34 of 483 comments (clear)

  1. Sound's Great... by yotto · · Score: 5, Interesting

    ...Until they DRM it every way but sideways.

    1. Re:Sound's Great... by EpsCylonB · · Score: 4, Interesting

      It will take more than DRM to safegaurd digital media. The problem is the existance of formats that don't have DRM, as everyone on /. knows you only need to break the DRM once, convert it to a non DRM format (say Ogg Vorbis) and then the cat is out of bag. It's foolish to think that Microsoft and the media companies don't realise this, which is where TCPA comes in. Their ultimate goal is not to allow a user to access DRM media on any device that also lets the user encode or decode non DRM formats.

      The repurcussions of this are that in the future we may see normal PC's and media PC's become seperate markets. The media companies won't allow you to download or play a DRM media file on a normal PC but they will on your **AA company approved media center PC.

      The future could be very bleak for the computer as we know it.

    2. Re:Sound's Great... by LourensV · · Score: 2, Interesting

      Why not? The "product" is a licence, that is, a contract. You agree to give the seller a certain amount of money and abide a certain number of rules, which regulate what you can do with a bunch of bits. In exchange for that you get a copy of said bunch. Copyright law says that you need permission from the owner of the copyright for those bits, and that allows that owner to set the terms.

      Why should such a licence not be enforceable? Why should you not be liable for breaking the contract?

      If you don't like the terms, don't enter into the agreement. If you believe that you should be able to do whatever you want with those bits, then you should buy or otherwise obtain products that give you those rights. That is, get some free software, or buy a non-DRM CD.

      It's the laws that need to be changed, not the technology enforcing them. And for that we need awareness. And widespread DRM would help a lot with that.

    3. Re:Sound's Great... by Henry+V+.009 · · Score: 3, Interesting

      You know, when I bought groceries the other day, I went back to the store to tell the store manager that it wasn't a cash transaction that had occured at all, but in fact I had actually entered into a contract with him. He had implicitly agreed to this contract by allowing his cashier to take my money. He was pretty steamed about it all, but I just had my attack lawyers rope him up while I appropriated his car, home, and wife, as the terms of our implicit contract unambigously state are now mine.

    4. Re:Sound's Great... by kenthorvath · · Score: 5, Interesting
      The "product" is a licence, that is, a contract.

      Sorry, but a physical disc is not a license.

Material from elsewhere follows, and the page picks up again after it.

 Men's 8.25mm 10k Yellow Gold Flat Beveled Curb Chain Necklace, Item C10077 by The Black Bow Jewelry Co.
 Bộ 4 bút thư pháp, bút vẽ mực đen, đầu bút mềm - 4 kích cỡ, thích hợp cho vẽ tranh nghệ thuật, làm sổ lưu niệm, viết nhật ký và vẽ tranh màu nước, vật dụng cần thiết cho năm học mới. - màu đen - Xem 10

Does anyone here know what types of things can actually be licensed? Can Mars Incorporated license me a Snicker's bar under the conditions that I won't share it with my friend?

      Certain types of things do seem to be licensable. As far as I can tell, it seems that intellectual property and other things that a person has exclusive rights to can be licensed. That is, they can extend those rights to someone under the terms of a license. However, there are also first sale rights that come with the purchase of a product, such as a CD. I have the right to burn it, destroy it, or do whatever else I want with it as the owner. That includes shining a laser onto it and reading off the reflected beam.

      I don't think anyone would argue that I have the right to read what's on the disc, license or not. It doesn't seem like the type of thing that is licensable.

      In fact, if it were, then there would not be a need for the DMCA, because breaking DRM would have already been illegal. But, it appears that it was not. It required legislation to forbid such behavior.

    5. Re:Sound's Great... by cyberformer · · Score: 4, Interesting

      Why should such a licence not be enforceable? Why should you not be liable for breaking the contract?

      Several reasons:

      1. I may not actually have read it or agreed to it. With software, you often need to buy the product before you see that what you are purchasing is actually not a product at all, just a license. Will music be any different?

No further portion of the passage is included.